Well, when isn’t it tourist season, really? At least in Prague, there always seem to be tourists. But there are more now that it’s spring.
It’s more noticeable when they’re in big tour groups. Most of March and the first week or so of April, there were a ton of big tour groups with people from Asia. These past few weeks, I’ve noticed a ton of groups of younger people, high school and college aged kids who look like they’re on this tour during their spring break. Recently I’ve noticed a lot of families on trips, too.
I don’t really consider myself a tourist, but I suppose that I am in some respects.
I’m here for 5 months, but that doesn’t count for permanent residence. And I don’t know if I’ll ever come back for nearly that long, though I’d love to if I can make it work somehow. I want to see everything like a typical tourist does, but I often find myself thinking “I’ll get there eventually,” like I do when I’m a born-and-raised local at home. I try not to do that too often, though, because I won’t be here forever and there are so many things that I never got around to doing at home because of this very attitude.
I try my hardest not to be elitist. I was just as wide eyed and bushy tailed when I first got here – except I could physically do less than they’re doing at the moment because it was below freezing for almost 2 months and a lot of things were closed. I am just like them, except I have the privilege of staying here for 5 months instead of 5 days.
Since I’m here for so much longer, I do try to do things that tourists wouldn’t do. That usually shows up in where I eat and how I spend my weekends. But during the week, during late nights after class and early weekend mornings (if I can get myself up early enough, which doesn’t typically work out how I plan), I definitely do the same touristy things that everyone else is. Walk across the Charles Bridge, climb up to the castle, paddleboat on the Vltava, wander around Old Town Square. My favorite time to do all these things, by the way, is (in order): late at night, just before sunset, a random warm weekday afternoon, and early in the morning. I like eating at some places tourists typically like too – on most weekend afternoons, the line for my favorite ice cream shop goes around the corner and takes over 30 minutes to get through. I, not a tourist, have the privilege of skipping ice cream at that moment and going back whenever the line is shorter.
I do try not to be judgmental about what the tourists are doing and how they’re acting, but sometimes they make it very difficult.

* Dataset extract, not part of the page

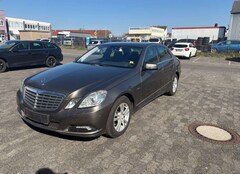 Bild des Angebotes Mercedes-Benz E 350 E 350 CGI BlueEfficiency/2Hand/Scheckheft/Pdc/Shz/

Czech culture is such that it is incredibly easy to stick out like a sore thumb. Contrary to what a lot of people said before I got here, it has nothing to do with how you choose to dress or what colors you wear. (Well, if you dress like a stereotypical tourist, people are going to know you’re a tourist right off the bat, but that’s not the only way they’ll know. We’re getting to that). Especially in spring, not everyone wears black or dark colors. On the contrary, there are a lot of fun, bright colors and vibrant patterns all around since spring started. People seem to dress to match the weather outside. Whether that’s the fashion industry talking or a desire to dress according to mood or something else, who’s to say. Whatever the reason is, I really appreciate it.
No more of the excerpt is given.